The Regina Seaways was in international waters off Kalingrad, Russia’s Baltic Sea exclave between Poland and Lithuania when the breakdown occurred, Copenhagen-based DFDS Seaways said, adding that the smoke triggered the ship’s fire extinguisher system in the engine room.
Passengers assembled at muster stations in preparation for a possible evacuation, but the situation was under control and an evacuation wasn’t immediately necessary, DFDS spokesman Gert Jakobsen told The Associated Press. There were no reports of injuries.
“We are talking about a malfunction in the engine room that caused a lot of smoke,” Jakobsen said. “Right now we are inspecting the engine room to find out whether the ship can sail on its own or needs to be tugged.”
The ferry, which also had cars and trucks on board, was traveling from Kiel, Germany, to Klaipeda, Lithuania’s port city north of Kaliningrad. The crossing normally takes about 20 hours.
“On these kinds of crossings we have people from Germany, the Baltic countries and Russia. We cannot say now who was on board,” Jakobsen said.
The ship was about 85 kilometers (50 miles) from Klaipeda, said Vaidas Klumbys, another DFDS spokesman.
He said that on Tuesday afternoon “we received the information from the ship that it was undergoing vibrations and smoke rising from the engines.”
Russian state news agency Tass quoted Andrei Permyakov, head of the sea rescue coordination center in Kaliningrad, as saying that rescuers from Lithuania, Russia and Poland had responded.
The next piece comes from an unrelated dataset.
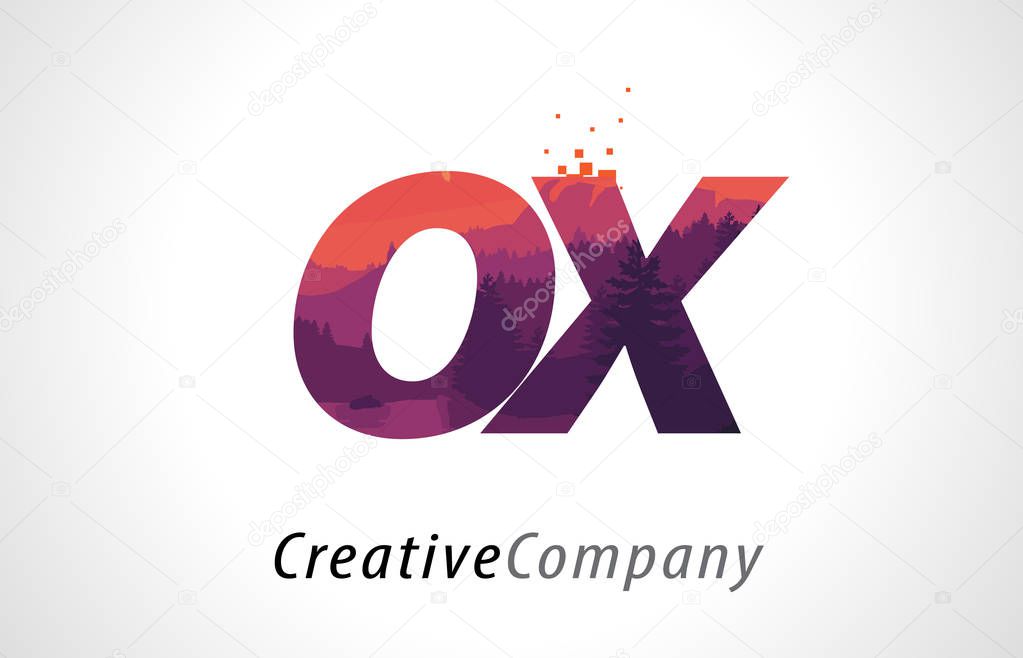 OX O X Letter Logo Design with Purple Orange Forest Texture Flat Vector Illustration.
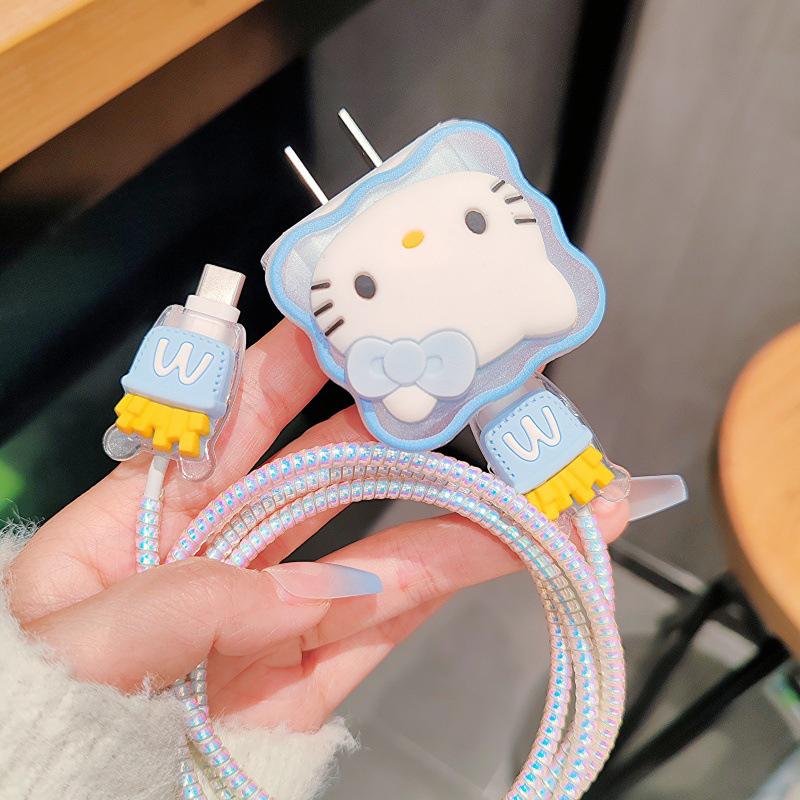 Hello Kitty Ochranný kryt na nabíjecí a datový kabel pro Apple iPhone 18/20W nabíjecí chránič proti zlomení, sada navíječů datového kabelu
Lithuania’s navy said one of its helicopters and three navy vessels were sent to the site in case an evacuation was necessary. The regional news agency, Baltic News Services, quoted Klumbys as saying “the weather conditions are not good.”
Forecasts for the southeastern part of the Baltic Sea said there were gale force winds, rain showers, poor visibility and risk of thunder storms in the region.
Jakobsen wasn’t aware of any rescue operation, saying there was no evacuation.
“But in this kind of situation, everyone steps in,” he said.
The Regina Seaways was built in 2010 and can carry up to 500 passengers.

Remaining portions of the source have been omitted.